I have been cauterizing the wounds of loss with poems — more reading than writing lately, and catch-as-catch-can. I could not have willed my way toward a better book in this challenging time than Mark Doty’s Fire to Fire. Doty captures the fierce and sometimes terrible beauty of life with musical phrasing, stanzaic integrity, and the courage to look and look, deeper and deeper, into the human world. It is from loss that these poems are written, but their trajectory is towards awe — the hope that springs from amazement, the amazement that springs from deep observation, the deep observation that settles in the ashes of loss.
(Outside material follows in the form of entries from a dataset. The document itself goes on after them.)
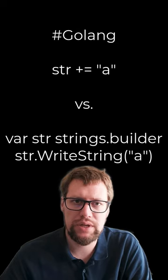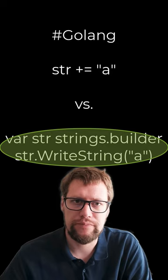In Go, which one is the most efficient, concatenating using the plus sign or using StringBuilder? The result might actually surprise you, so let's create two benchmarks.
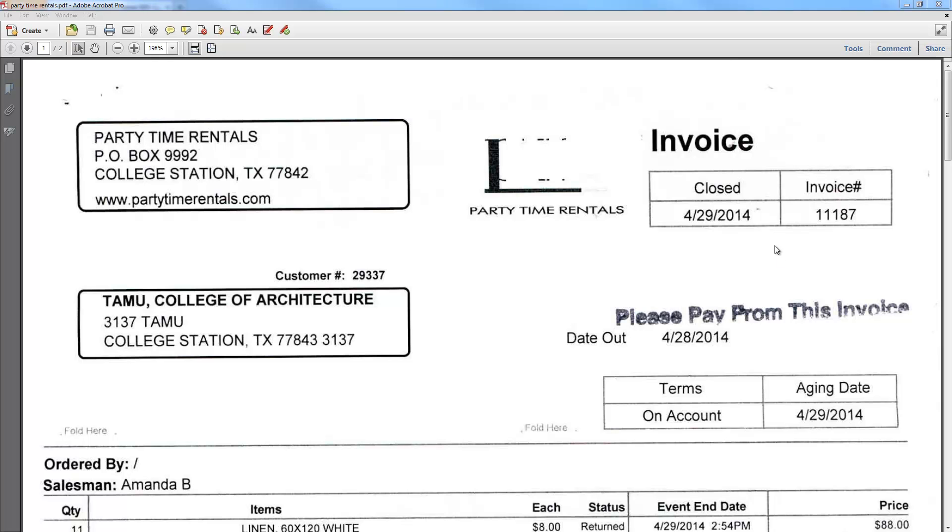Hi guys, I'm going to show you how to pay a non-PO invoice, such as this one, in AggieBuy.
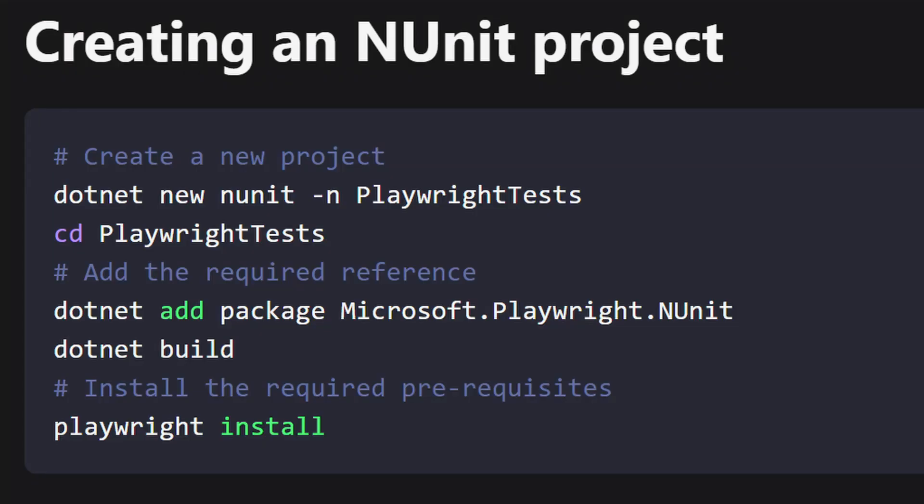In order to create the tests, we're going to start by adding a new .NET project called PlaywrightTests. With that NUnit project complete, we're going to add the .NET package Microsoft.Playwright.NUnit. Then we're going to run dotnet build and then we're going to run playwright install to install our browsers.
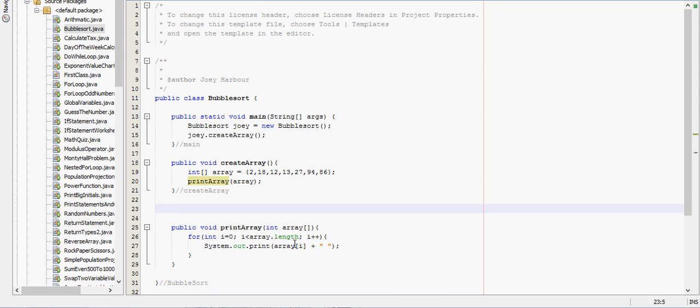In this video we're going to go over a bubble sort. A bubble sort is just an algorithm to sort numbers in an array either from greatest to least or least to greatest. In this video we're going to do least to greatest.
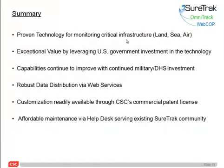In summary, SureTrack is proven technology that's been used for the last 15 years by the U.S. government and continues to be improved through new development and new sensors. It's an exceptional value for state, local, regional, and commercial entities because it leverages this massive investment by the U.S. government in a technology that continues to stay on the leading edge. SureTrack continues to move ahead in data sharing via web services, which will be a great benefit to numerous users in the field, whether on handheld devices or mobile platforms.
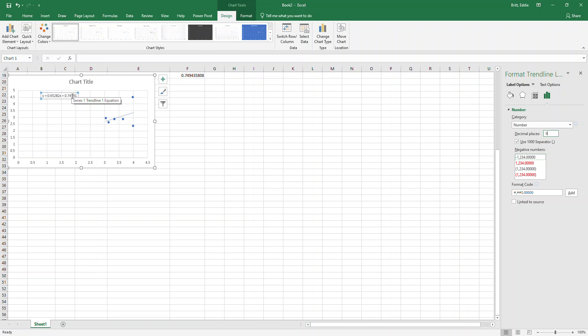So if you've been missing those problems because you haven't been rounding correctly, that's how you change the decimal place of the trendline or of the regression line in Excel. Hope that helps.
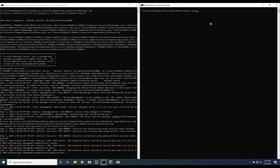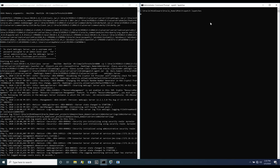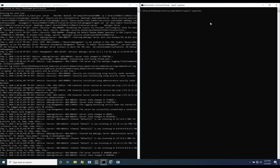We begin by starting the server and listing the installed patches. We then verify the IP address of the target.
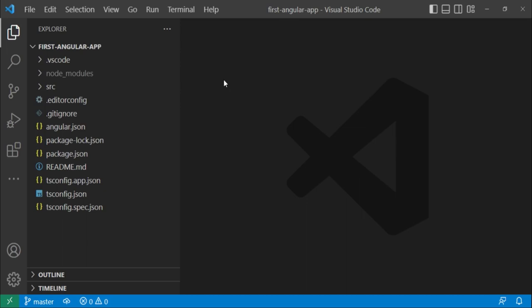Hello guys, in this video we are going to discuss the project structure of a basic Angular app. So first of all, we have this .vscode folder.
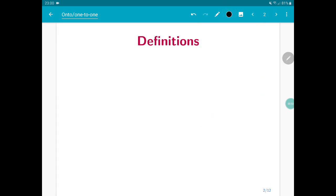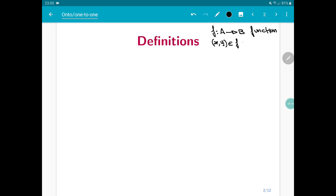I want to recall our notation for a function. When I write f from A to B, this automatically implies that I'm talking about a function, and in particular my domain is equal to A and my co-domain is equal to B. So far we used the notation with ordered pairs, and in this video we are using the equivalent notation of y equals f of x. Whenever I write y equals f of x, I am implicitly saying that the ordered pair (x, y) belongs to f as a relation.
Doty’s carefully-measured stanzas seem to propel his poems like an engine — which is, after all, a series of well-timed explosions. Each little engine links together to drive us into the depths of the poem — be it the shell of a turtle, the smoky glitz of a cross-dressing bar, or the heart of a man care-taking his dying love. Doty is not afraid to hold with the poem until it opens up, frequently busting the page barrier in little epics that never feel watery, or strain to make a point. It is an inner fire he seeks in each poem, heating up line by line and phrase by phrase — his technique a poetic kiln. Thank you, Mark Doty, for firing your ovens, and plying your craft — producing stunning reminders of the beauty that can rise from flame.